Andrew Churchill February 22, 2012 10:00

JJ Churchill is a high-precision engineering SME business in the aerospace, powergen, defence and high-horsepower diesel engine sectors.  Products include the development and production of advanced gas-turbine blades and complex diesel engines assemblies.

During the last recession JJ Churchill decided that it was imperative to continue to re-invest. This stood us in good stead at a time when many of our competitors were freezing investment decisions.

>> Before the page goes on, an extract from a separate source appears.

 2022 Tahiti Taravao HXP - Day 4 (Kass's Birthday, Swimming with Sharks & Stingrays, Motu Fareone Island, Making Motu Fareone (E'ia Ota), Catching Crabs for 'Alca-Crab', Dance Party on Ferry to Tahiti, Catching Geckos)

These investments have meant that we achieved profitable growth of 25% in 2011 and we are now looking ahead to the next step in our 7-year business plan, that of overseas expansion.

Setting up a manufacturing facility in a foreign country is a daunting step for any business, especially an SME. But our customers – such as Rolls Royce and Siemens – expect their first-tier suppliers to offer them a local service in Europe the Americas and Asia.

The company’s need to grow, alongside this pressure to regionalise, meant we needed to enter the market for high volume gas-turbine blades (rather than just the development and spares market). Without the move into the high volume market, our strategic plan to become a £50m business by 2019 risked stalling.

But here’s the ‘rub’. When it comes to the manufacture of high volume gas-turbine blades there are two principle costs: the cost of constantly re-investing in advanced capital equipment; and the cost of skilled labour.

 

JJ Churchill has been able to use technology to balance the cost of labour and drive consumer value in the relatively competitively un-constrained developments and spares market. But this model breaks down when it comes to high volume gas-turbine production. The UK has the ideal skills present for this work, but the UK's investment environment is not competitive.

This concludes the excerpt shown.